フランス語入門(文法クラス)の様子を、山びこ通信(2011/2月号)より転載いたします。
『フランス語入門』 (担当:上尾真道)
フランス語の学習の過程には、いくつかぶつかりやすい壁があります。その第一は、秋学期の際に書いた通り、まず発音とつづり字の関係の習得です。なにしろ、カタカナで考えている限りはまったく身につかないような新しい音と向き合わなければならないので、これは並大抵のことではありません。さてその次に出会うであろう壁は何であろうかといえば、おそらく動詞の活用でしょう。
まずフランス語では、一人称、二人称、三人称の単数・複数の別に従い、主語が六つのカテゴリーに分かれます。日本語話者の私たちにとっては、まず「主語」の人称性というのは、実はわかりにくいことであろうと思います。主語を省略することはしょっちゅうですし、さらに一人称にしてみたところで、「私」、「僕」、「わし」、「俺」などなどなど山のようにあります。また、二人称でも、普段、私たちは相手を名前で呼ぶことのほうが多く、「あなた」や「君」などはそれほど使うことも少ないのではないでしょうか。フランス語を使えるようになることを目標としておくならば、まずはこの人称に関する感覚の違いを意識し、それを変えようと心がけることも重要でしょう。
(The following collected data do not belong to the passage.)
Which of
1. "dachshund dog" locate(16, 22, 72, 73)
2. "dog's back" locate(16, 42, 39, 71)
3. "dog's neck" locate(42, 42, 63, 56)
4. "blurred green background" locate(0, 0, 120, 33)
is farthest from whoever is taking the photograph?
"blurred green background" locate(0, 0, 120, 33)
さらに、フランス語の動詞は、一つの時制につき、この六つのカテゴリーに応じた六つの活用の形があります。法則に則って導き出せるものもありますが、不規則で、いちいち細かく覚えていかなければならないものも多く、ここで根を上げてしまう人も多そうです。乗り越えるひとつのコツは、目と頭だけに頼るのではなく、声と音で馴染んでいくというものです。特に重要な動詞であればあるほど、それだけ頻繁に使用することになるのですから、口をついて出てくるくらい繰り返し声に出して読んでおくことが大事です。こうして口で活用を覚えつつ、上で述べたように、適切な主語がぱっと選べるようになれば、フランス語で話をするための大事な一歩が踏み出せたということになろうかと思います。